Bsalim (بصاليم) is a town in the Matn District in Mount Lebanon Governorate in Lebanon. The population is almost exclusively Christian.

== Geography ==
Bsalim is located 300–400 m above sea level. The cities around Bsalim are Antelias, Jal el Dib, Nabey, Roumieh, Kennebat Broumana, and Bqennaya. Bsalim's municipality also contains two small districts, Mezher and Majzoub.

== Demography ==
Bsalim is home to Greek Orthodox, Maronites, Catholics, and Armenian Orthodox.

== Public services ==
In Bsalim are three churches: Saint Georges Cathedral-Greek Orthodox, Saint Mary's Church-Maronites and Christ the King Church. Schools found in Bsalim are Athene de Beyrouth and Saint Georges-Bsalim.
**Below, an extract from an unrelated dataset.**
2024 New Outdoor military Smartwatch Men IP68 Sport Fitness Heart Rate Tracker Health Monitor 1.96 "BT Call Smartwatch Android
Some important sites people visit Bsalim for is the Lebanese basketball, since the home court of Hommentnen is located in Mezher.

== History ==
During Operation Grapes of Wrath, 15 April 1996, the electrical transformer station in Bsalim was bombed by the Israeli Air Force and badly damaged, the day before a power station in Jamhour, 3 km east of Baabda had also been bombed. The air strikes left most of Beirut without electricity.